Album Review: Madeleine Cocolas – Bodies

[Room40; 2024]

Like her previous album (2022’s Spectral), Madeleine Cocolas‘ new record begins with external sources. Whereas last time she took a variety of field recordings of the world around her, on Bodies the Australian musician focuses on the sound of water as a starting point. Taking recordings made along the Australian coastline and creeks and waterfalls in Far North Queensland, Cocolas uses aquatic sounds to explore the relationship between bodies of water and human bodies, trying to “blur the boundaries between them” as sounds crash, melt, and form into one another. 

The watery backdrop is fertile stuff for Cocolas to build her music around. Often the tracks on Bodies will start with the low murmur of the aqueous source material, a strangely unsettling bassy rumble. It’s simultaneously calming and unnerving; you can imagine waves and currents washing over you, but equally conjuring up the image of some deadly creature suddenly appearing out of the watery mist lurks in the back of your mind throughout. Even married to the cavernous and cathedral-like shimmer of the drones on “The Creek”, or the the centrifugal spin of fluttering wordless vocals on “Exhale”, a sense of foreboding persists.

But similar to Spectral, Bodies seems to be missing that tangible connective tissue. It veers away from recognisable instruments and instead favours drones, electronic noise and wordless vocals. Landscapes are pretty and sometimes engulfing, but (and perhaps appropriately), it washes over the listener all too easily.
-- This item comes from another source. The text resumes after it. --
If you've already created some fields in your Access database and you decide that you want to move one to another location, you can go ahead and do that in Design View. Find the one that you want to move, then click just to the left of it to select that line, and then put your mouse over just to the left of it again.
Even for ambient/neoclassical-leaning music, it feels strangely absent of a palpable hook and heart. The album’s most curiously enchanting moment, “Drift”, presents jittery bioluminescent synths and mystical organ tones, like watching deep sea creatures and coral sway and swim with the dark current. Yet after six minutes it disappears all too suddenly, Cocolas seemingly unsure where to take it.

There’s still plenty to be said for Bodies though. Crank it up on some good headphones in a quiet room and it plays out the best it can: aforementioned “Exhale” boasts a sumptuous crescendo of velvety electrical noise; the 10-plus minute final track “Bodies II” has glistening choral-like notes clamouring against thunderous noise akin to the sound of waves slowly crashing; and “Bodies I” has a rhythmic sway to it amidst the scratchy strings and almost imperceptible low rumbles. As a whole and an immersive experience, Bodies definitely works, but the album requires that bit more attention and focus than you might want to put into an ambient/noise album.
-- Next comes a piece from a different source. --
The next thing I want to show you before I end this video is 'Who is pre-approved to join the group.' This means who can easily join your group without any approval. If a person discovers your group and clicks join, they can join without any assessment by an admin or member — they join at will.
But it still lives in the shadow of its predecessor. It’s fitting perhaps then that Cocolas considers the two albums linked, both companions to the other, as Bodies echoes similar mannerisms of Spectral. Like the 2022 album, Bodies curves to its peak in its middle: “A Current Runs Through” has a rippling blizzard of doomy distortion as a sporadic electronic beat underpins it all. It’s fascinating and absorbing, but also feels like a shadow of Spectral’s centrepiece “And Then I Watch It Fall Apart”. Two great tracks themselves and two great moments, but there is the ache for something that pushes further afield, especially from a musician as talented and innovative as Cocolas.